Review: Comedian Roy Wood Jr. talks thermostats & customer service in Chicago


Roy Wood Jr. Chicago Thalia Hall 2017

Roy Wood Jr. performs at Chicago’s Thalia Hall on April 15, 2017

Roy Wood Jr. stopped by Thalia Hall on April 15 for a night of stand-up that had the Chicago audience rolling with laughter. The comedian, who recently dropped his first hour-long special — Father Figure — on Comedy Central back in February, brought an abundance of material to the venue, riffing on everything from politics to racism, customer service to relationships.

Wood kicked things off by playfully calling attention to opener Rebecca O’Neal, who strategically sipped wine from a straw throughout her solid set earlier in the night. Wood admitted to enjoying wine himself… just not in a public setting. A hilarious bit ensued in which the comedian voiced disdain for the bothersome questions that always seem to follow from showing up at a friend’s house with a bottle of wine. His retort that it’s “free grapes” from the nearest gas station that “pairs well with Cheetos” proved priceless as it left the crowd nearly in tears.

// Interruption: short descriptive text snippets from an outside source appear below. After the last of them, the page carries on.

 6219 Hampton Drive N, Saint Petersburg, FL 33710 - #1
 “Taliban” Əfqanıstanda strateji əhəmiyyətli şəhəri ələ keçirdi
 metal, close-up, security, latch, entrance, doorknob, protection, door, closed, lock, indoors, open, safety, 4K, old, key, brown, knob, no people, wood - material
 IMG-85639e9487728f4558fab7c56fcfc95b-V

Wood has a knack for pulling the absolute most from jokes. He engages his audience with skillfully-crafted yet casual storytelling methods, which fuse his well-rounded range of emotion with a hilarious intermittent physical component, allowing him to foster an additional layer of audience engagement that oftentimes proves to be precisely on-point. Nowhere was his skill set better on display Saturday night than during his bits about relationships, where he discussed in great detail the importance of being in sync, with regard to temperature, with your partner. “Find you somebody you thermostatically compatible with,” quipped the comedian.

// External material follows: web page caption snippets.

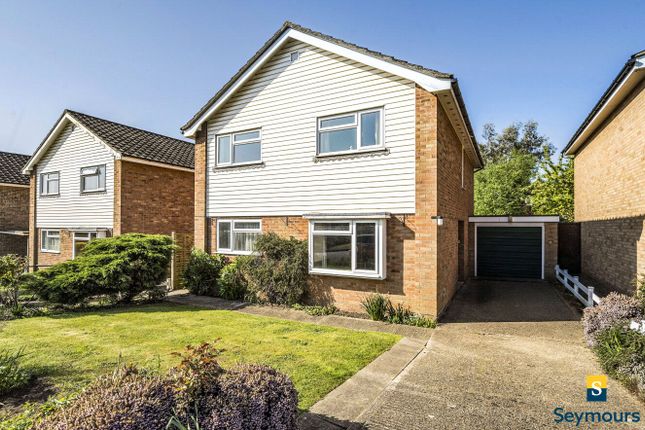 Holly Lea, Guildford GU4 4 bed detached house for sale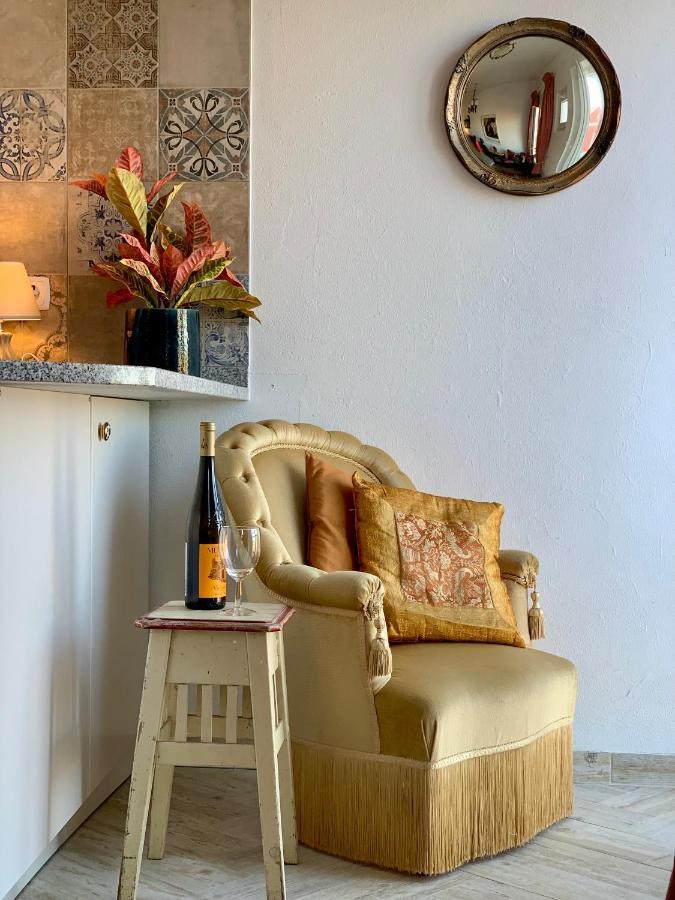 Romance & The City Lagos Bagian luar foto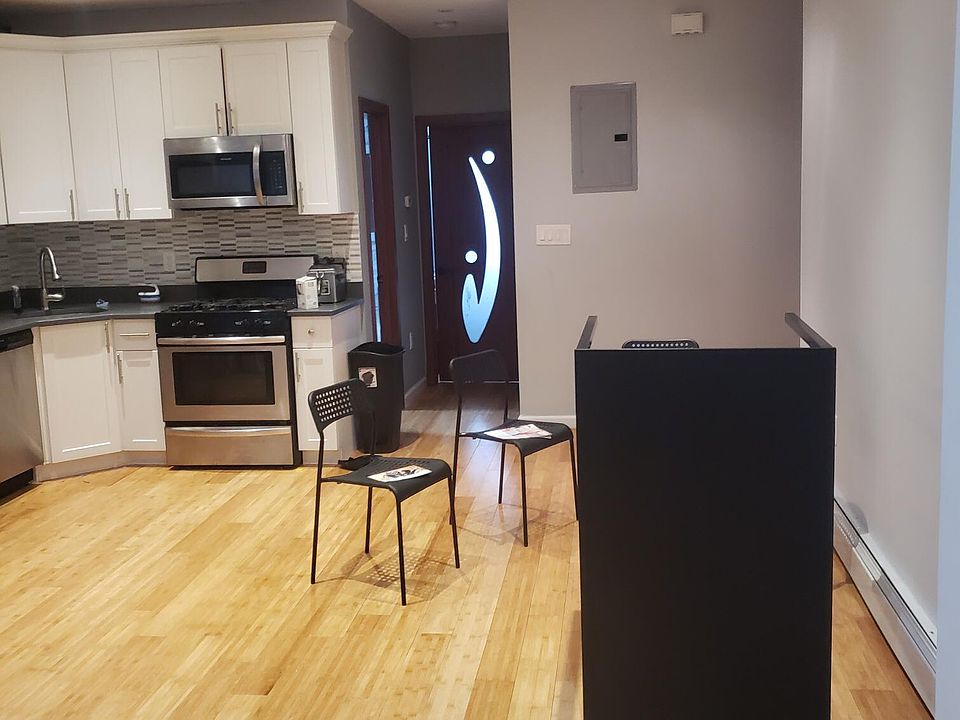 1st image of 11835 Marsden St #1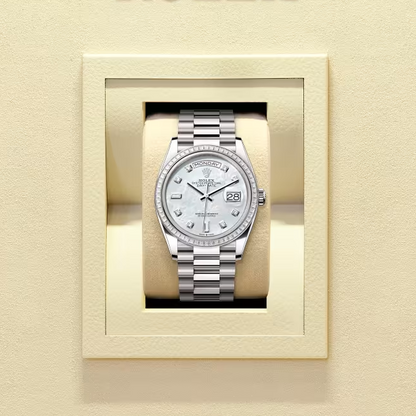 デイデイト 36 | オイスター、36 mm、ホワイトゴールド、ダイヤモンド  リファレンス 128399TBR-0003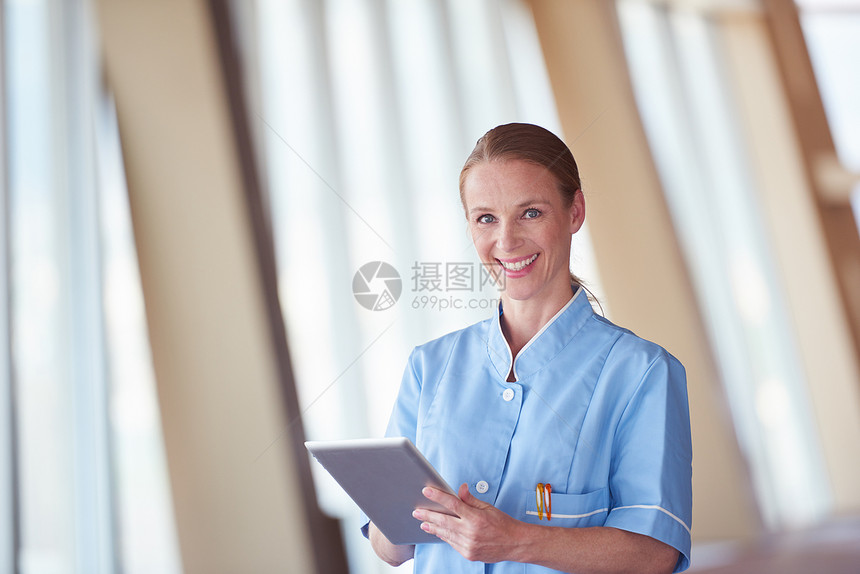 医院用平板电脑的女医生肖像图片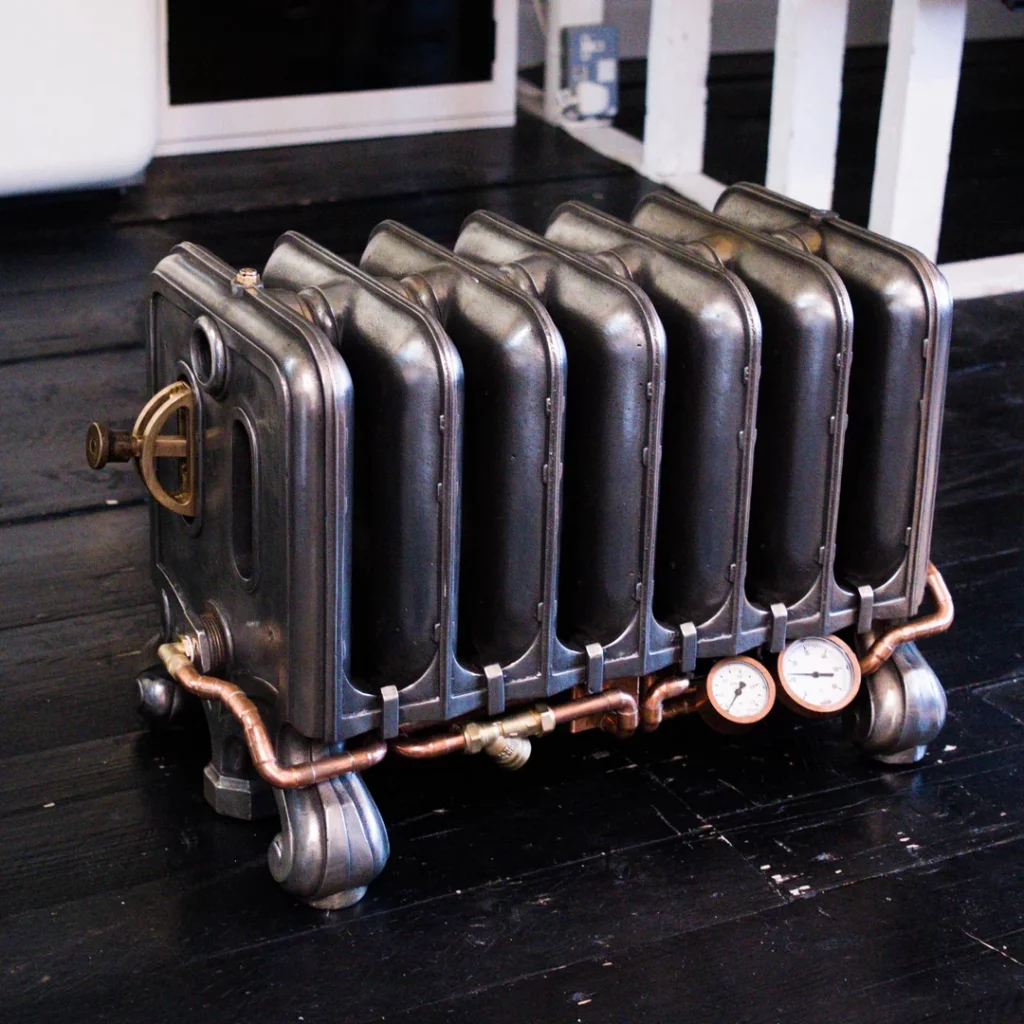 99-kilogramski litoželezni radiator kot vrhunski igralni sistem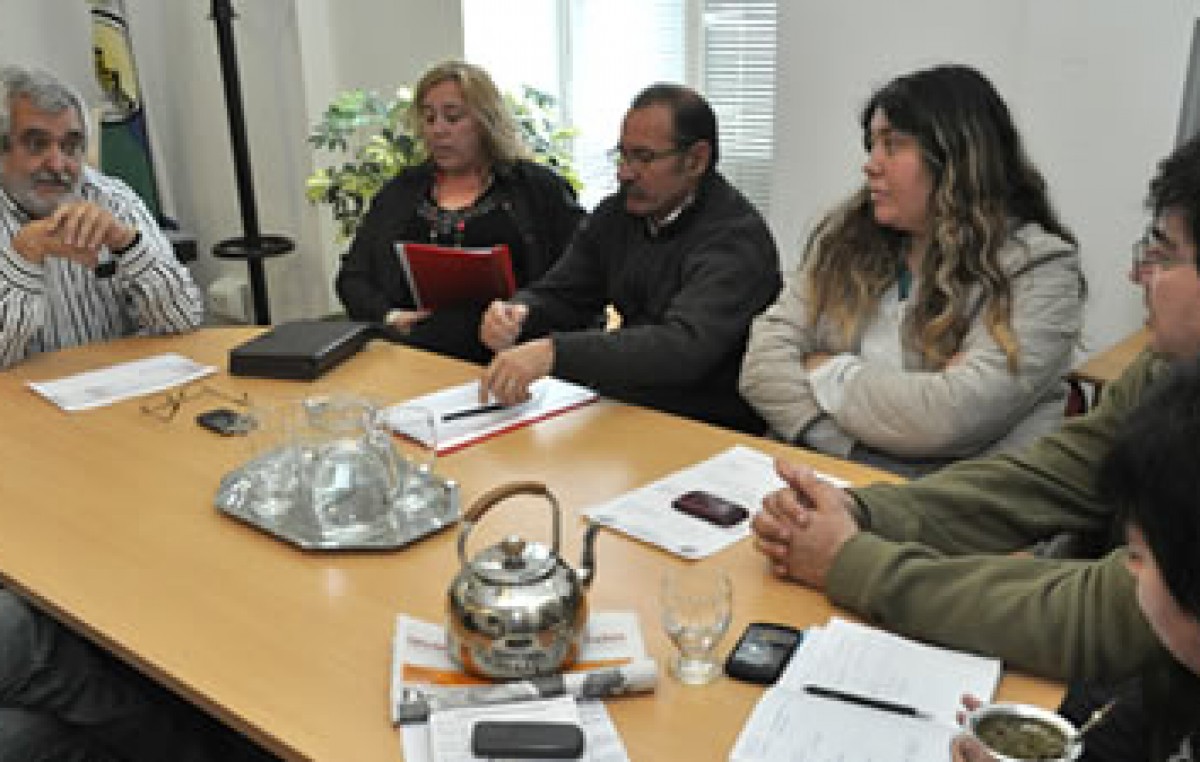 Paritarias abiertas en el municipio de Rawson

Customer service was another hot topic over the course the night with Wood calling attention to the irrelevance of the theater ticket-ripper position and offering up a laugh-inducing impersonation of a stressed out McDonald’s cashier attempting to find the “no tomatoes” button while ringing up an order. The comedian’s anecdote about being hassled for a discount card in the grocery store checkout line was also particularly funny. “I don’t have the discount card. I just want to leave.” pleads Wood to a venue full of laughs. “I want to leave so bad I’d rather pay full price.”

One of the many highlights of Wood’s set was his hysterical examination of Donald Trump, who he coined the “Pied Piper of Racism.” He vocalized sympathy for “real racists,” saying he felt sorry for them having to share the spotlight with the less authentic Trump-supporting “red hat bandwagon bigots.” Another highlight came in the form of a story about a friend of Wood’s who at age 39 began selling dope. The bit prompted references to iconic TV characters like Tony & Christopher from The Sopranos and Avon Barksdale & Stringer Bell from The Wire, used to illustrate the drug-dealing levels that should be attained by middle age.

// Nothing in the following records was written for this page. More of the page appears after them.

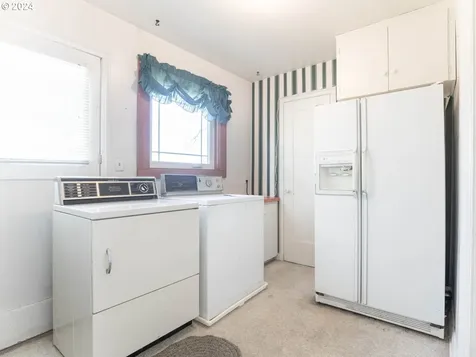2642 Central Boulevard Eugene OR 97403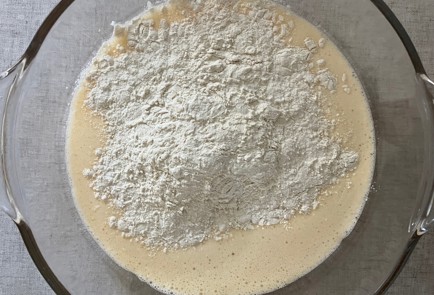 Фото шага рецепта Маффины в духовке со сливами и кабачком 190314 шаг 8  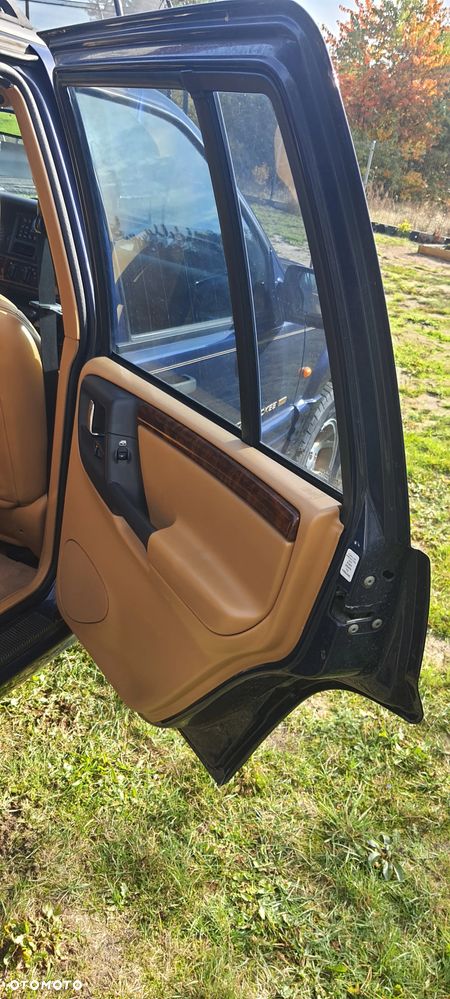 Jeep Grand Cherokee 5.2 Limited - 39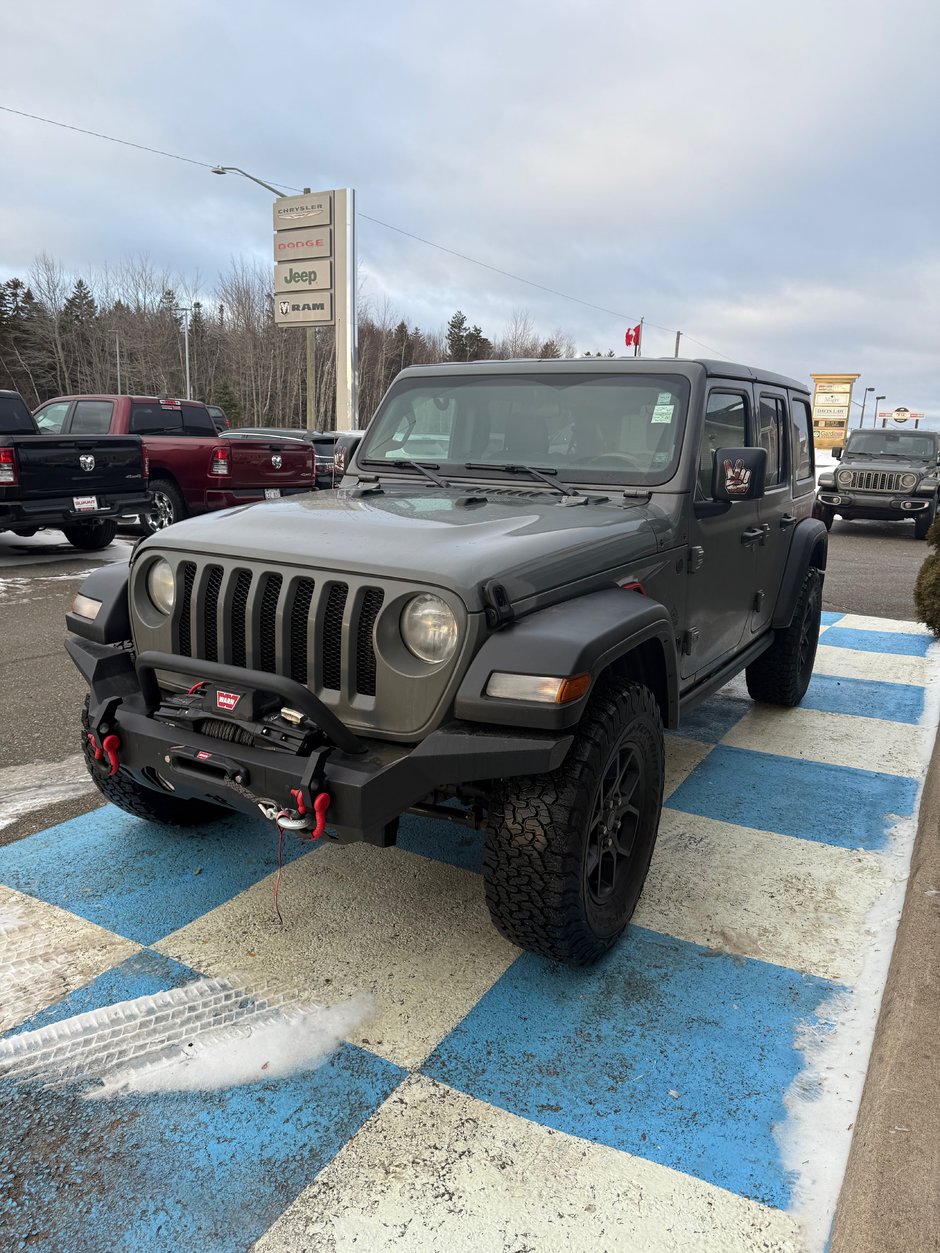 2022 Jeep Wrangler UNLIMITED SPORT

Rebecca O'Neal Chicago Thalia Hall 2017

Rebecca O’Neal performs at Chicago’s Thalia Hall on April 15, 2017

Wood wasn’t the only one to bring up The Wire on Saturday night as the HBO classic was among the many references thrown about by opener O’Neal (seen above), who also peppered her fast-paced set with a handful of funny, offbeat callbacks to films like I Robot and the beloved Shawshank Redemption. The Chicago-based comedian and host of WCIU’s Chicago’s One Night Stand-Up cracked up those in attendance with stories about her addiction to Planet Fitness and jokes about women’s breasts which, while noting their true role as a source for milk, she admits also have “a dope side hustle.”

Roy Wood Jr. performs at Chicago’s Thalia Hall on April 15, 2017

Comedy fans in search of laughs on the South Side certainly found them at Wood’s Thalia Hall set on Saturday night. Those looking for more from the Birmingham, Alabama-born comedian can get a taste of his new special Father Figure here. You can also catch him on The Daily Show, where he appears as a routine correspondent, and on Comedy Central’s May 3rd episode of The Comedy Jam, where he’ll be performing Bachman-Turner Overdrive’s “Takin’ Care of Business.”